**Records for processing:**
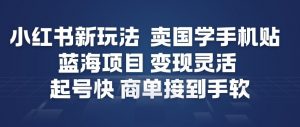 小红书新玩法，卖国学手机贴，蓝海项目，变现灵活，起号快，商单接到手软-金融资料分享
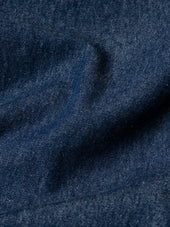 Raeburn Button Down Shirt in Denim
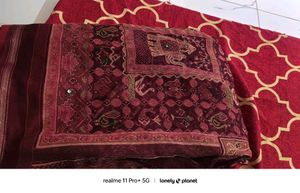 Patola Hand Work Saree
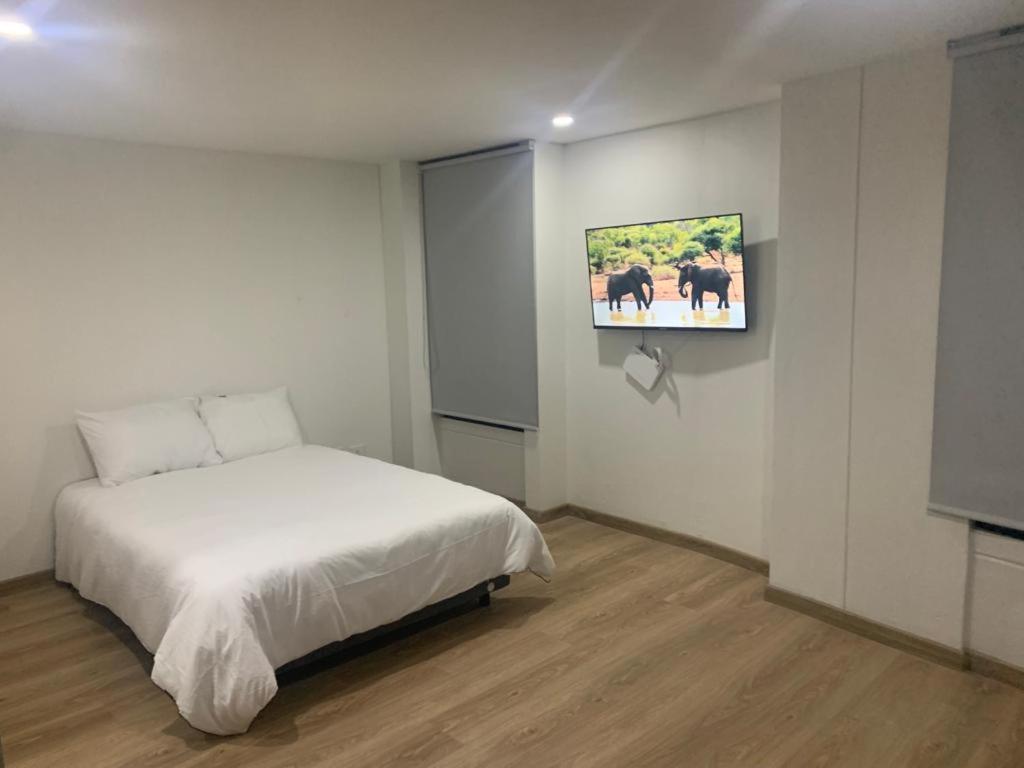 New Comfortable In La Candelaria, Apartment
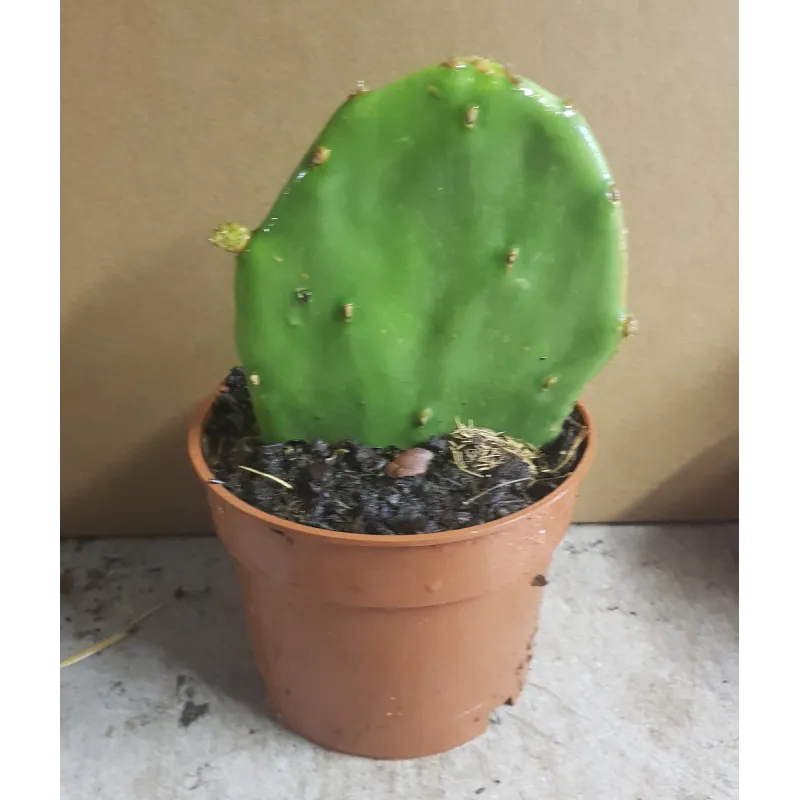 Opuntia stricta / Oponce stricte / Conteneur de 0.5 à 0.9 litres / Cactée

**Task objective:**
Skip every picture and retype only the lines from the line with "Patola Hand Work Saree" through the last line of the listing, both ends included, exactly as they appear.

**Task output:**
 Patola Hand Work Saree
 New Comfortable In La Candelaria, Apartment
 Opuntia stricta / Oponce stricte / Conteneur de 0.5 à 0.9 litres / Cactée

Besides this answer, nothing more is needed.